Business Collaboration Agreements
How do you write a collaboration agreement?
There are several approaches you can use when writing a collaboration contract. The best one is to look for a collaboration agreement template and use it as your guide during the writing process. Check for a website that contains different types of business collaboration templates and choose one that will best serve your interests. The template will contain the following details to follow.
- Ownership clause. You must first agree on what percentage each business will own in the project. State the percentage in this clause.
- Sharing of profits. Provide details about how the profits will be shared. The details must include losses. Sometimes the project may end up in losses instead of profits. Both parties must accept liability. In many cases, profits or losses are shared according to the contributions each party makes to the project.
- Duration. State the duration of the project. Provide details on what will happen in each project’s phase.

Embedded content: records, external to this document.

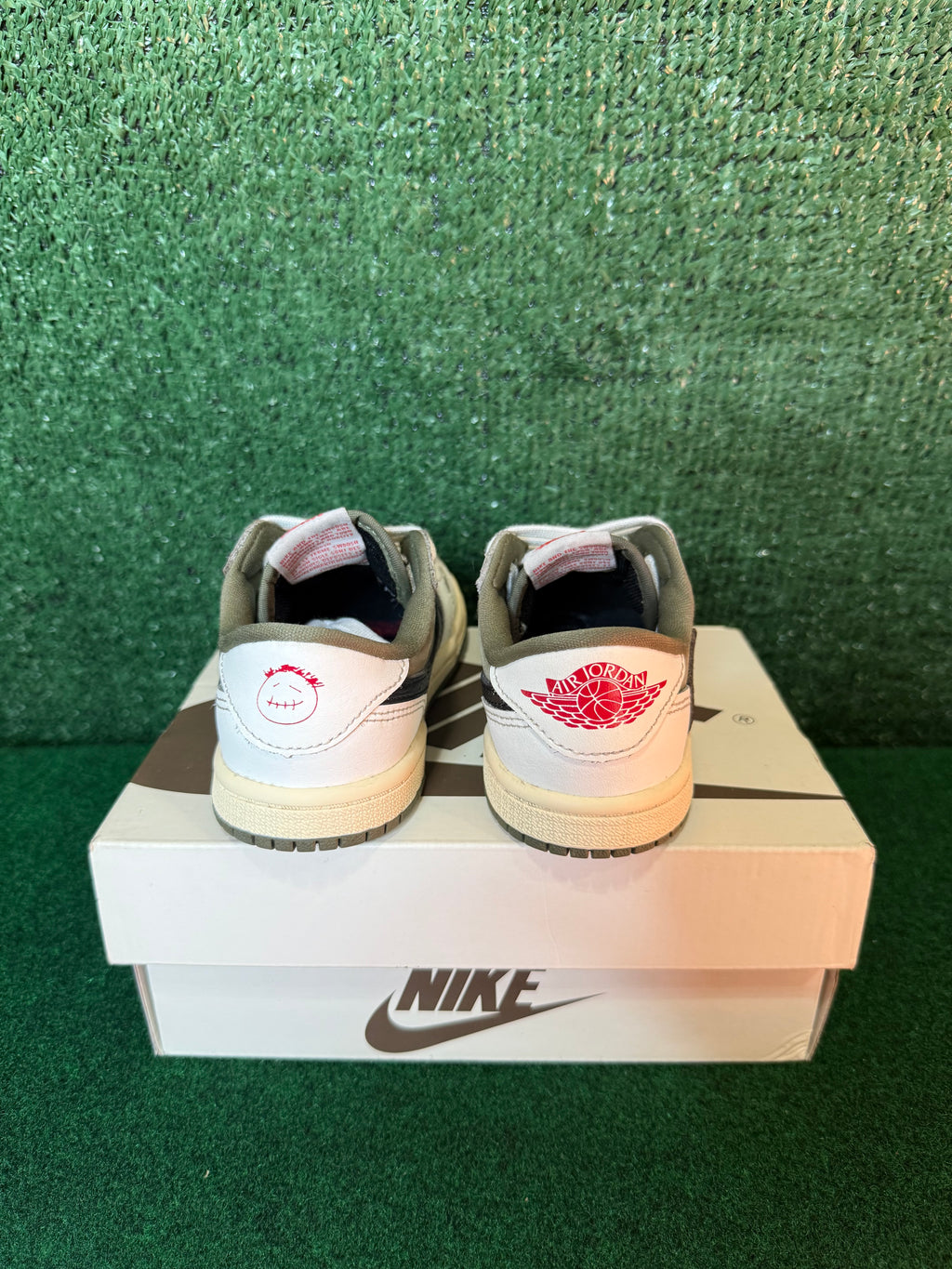 JORDAN 1 RETRO LOW OG SP ‘TRAVIS SCOTT MEDIUM OLIVE’ TD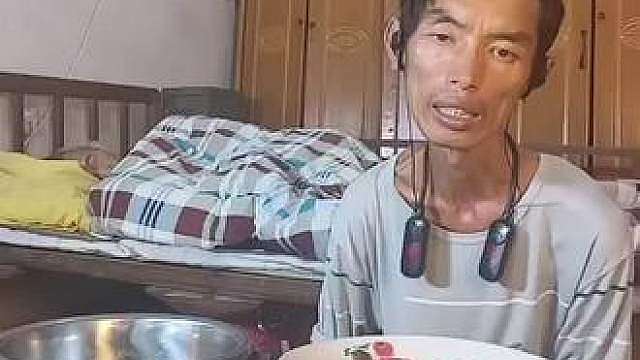 狼今天直播也只有赚到这样一点收益了，今天我把自己的手机置换了，维持家里的日常开销，希望叔叔可以照顾好家里，各位彦祖记得照顾好自己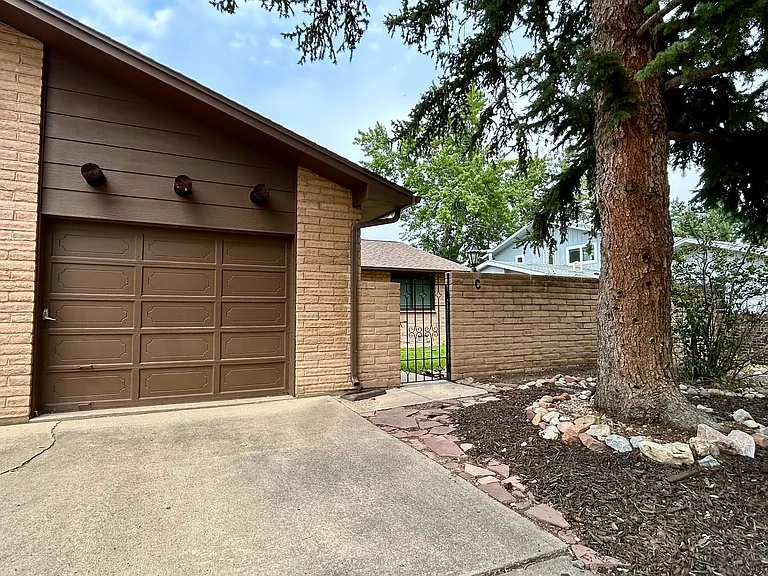 957 Roxwood Ln #C — Photo 26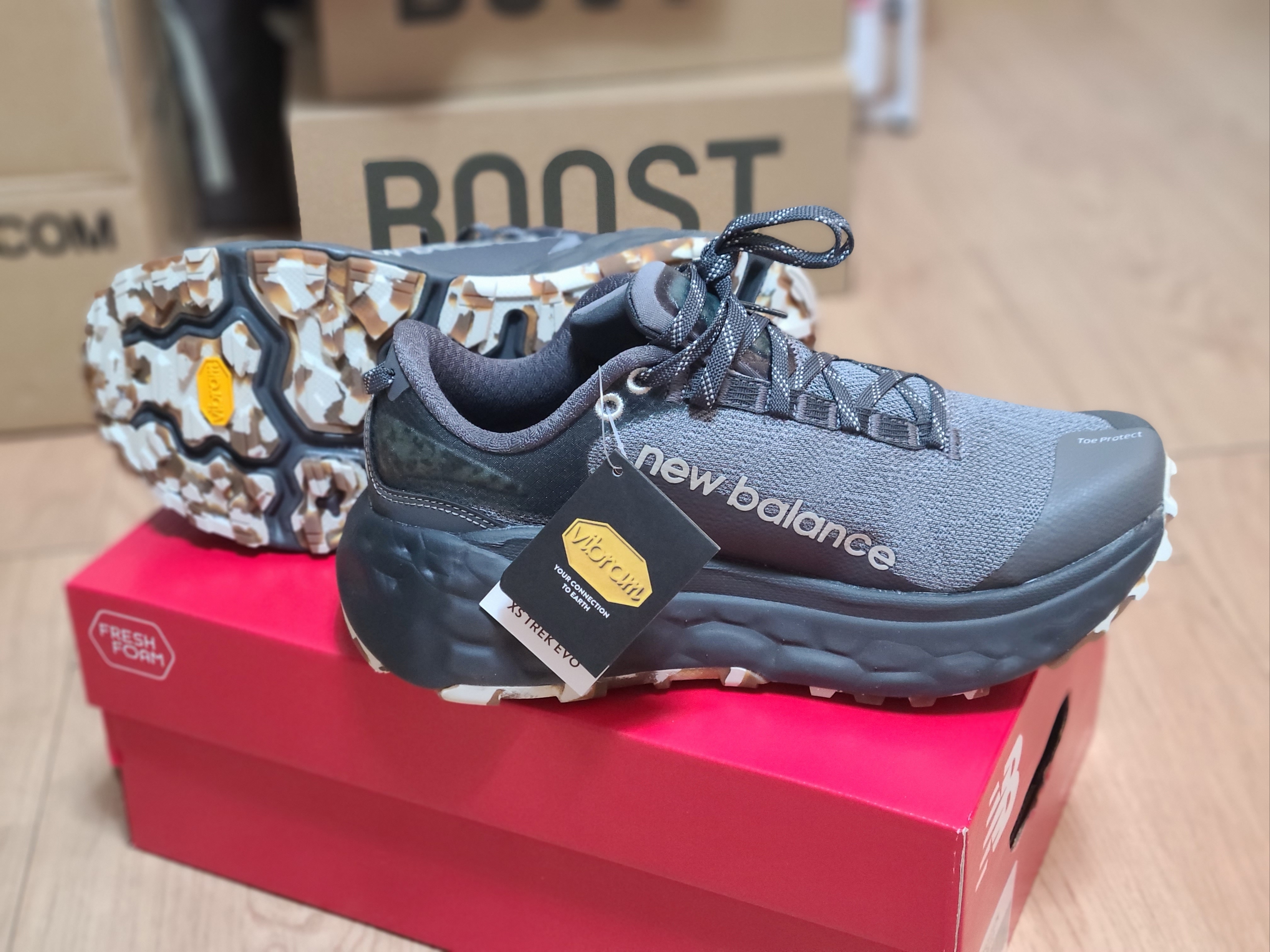 New Balance Fresh Foam X More Trail v2 Dark Grey - 2E Wide 착용 스타일 - 2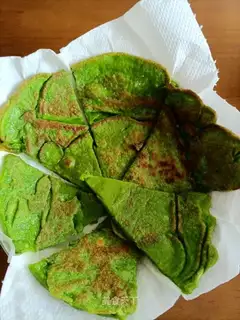 A green eggcake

- Decision making and dispute solutions. There must be a mechanism for making decisions to avoid confusion. Agree on how decisions will be made and the hierarchical order that must be followed. In the case of disputes, let there be a way to solve them.
- The final authority. A business CEO is the final authority in such an entity. In the case of a project collaboration agreement, decide who will be the final authority in any matter touching on the project.
- Withdrawal. One of the parties may decide to withdraw from the project. If such an issue occurs, provide details about what happens next. Think of it in terms of getting a new entity, costs already incurred, and penalties. Think about the fate of the project and whether it would stop or continue. In the worst scenario, death might occur. Describe in detail what happens next after one partner dies.